*EXTRACTED DATA:*
********
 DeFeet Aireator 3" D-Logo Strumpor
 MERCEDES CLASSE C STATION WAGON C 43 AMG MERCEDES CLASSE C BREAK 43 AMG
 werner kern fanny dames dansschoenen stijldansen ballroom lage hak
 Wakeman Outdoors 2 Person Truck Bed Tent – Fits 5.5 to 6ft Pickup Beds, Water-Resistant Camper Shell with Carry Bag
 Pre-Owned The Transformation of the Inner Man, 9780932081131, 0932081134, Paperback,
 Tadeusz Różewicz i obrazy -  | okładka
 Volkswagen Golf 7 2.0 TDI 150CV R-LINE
********
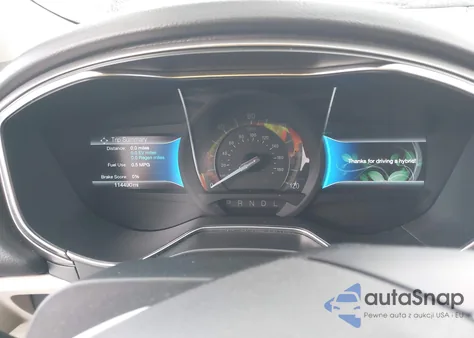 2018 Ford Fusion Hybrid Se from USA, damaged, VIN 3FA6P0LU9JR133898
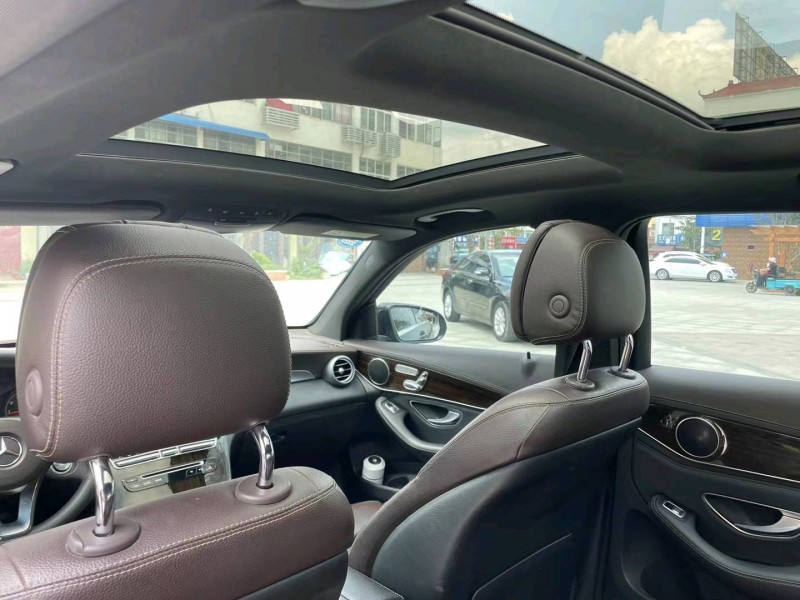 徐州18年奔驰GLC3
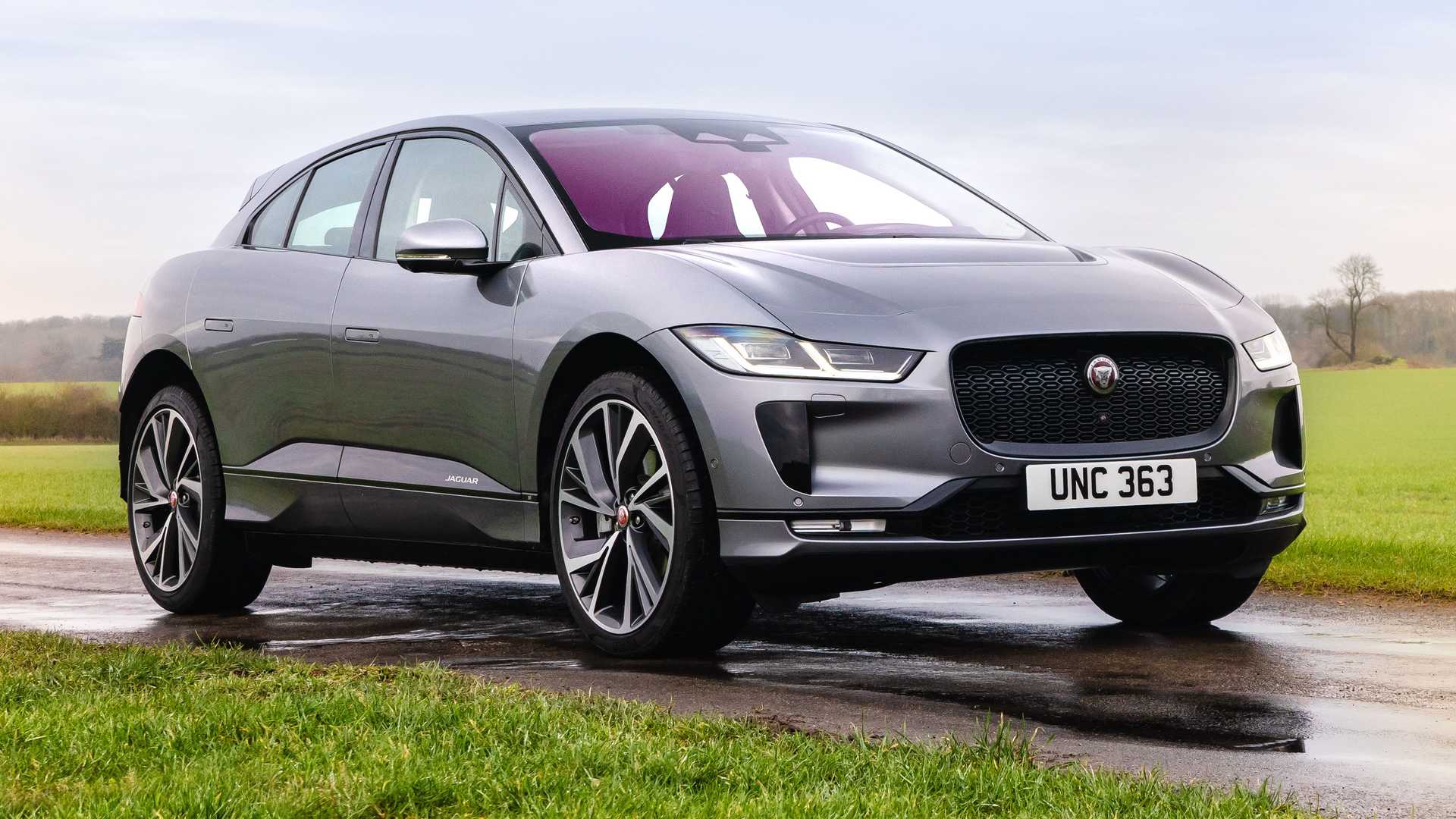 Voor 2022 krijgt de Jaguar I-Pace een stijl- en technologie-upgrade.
********
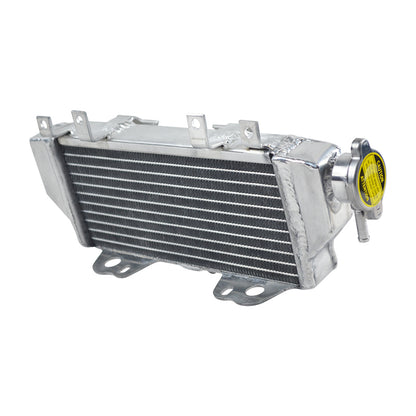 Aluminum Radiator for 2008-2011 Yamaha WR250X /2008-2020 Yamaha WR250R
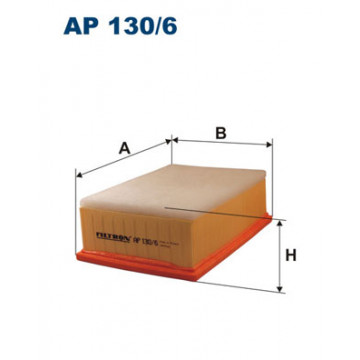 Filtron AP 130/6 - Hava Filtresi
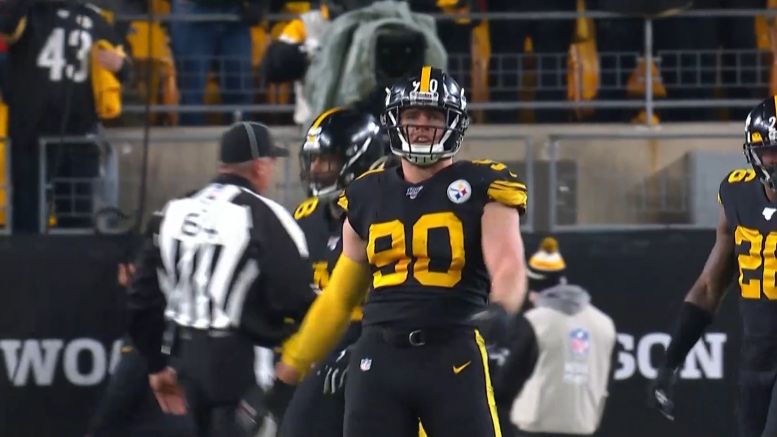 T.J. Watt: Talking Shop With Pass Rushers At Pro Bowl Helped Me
********
*WHAT IS BEING ASKED:* Word for word, restate the lines of the data above that fall between the line holding "MERCEDES CLASSE C STATION" and the line holding "Volkswagen Golf 7 2.0 TDI 150CV R-LINE", inclusive, and no other lines.

*REPLY TO THE TASK:*
 MERCEDES CLASSE C STATION WAGON C 43 AMG MERCEDES CLASSE C BREAK 43 AMG
 werner kern fanny dames dansschoenen stijldansen ballroom lage hak
 Wakeman Outdoors 2 Person Truck Bed Tent – Fits 5.5 to 6ft Pickup Beds, Water-Resistant Camper Shell with Carry Bag
 Pre-Owned The Transformation of the Inner Man, 9780932081131, 0932081134, Paperback,
 Tadeusz Różewicz i obrazy -  | okładka
 Volkswagen Golf 7 2.0 TDI 150CV R-LINE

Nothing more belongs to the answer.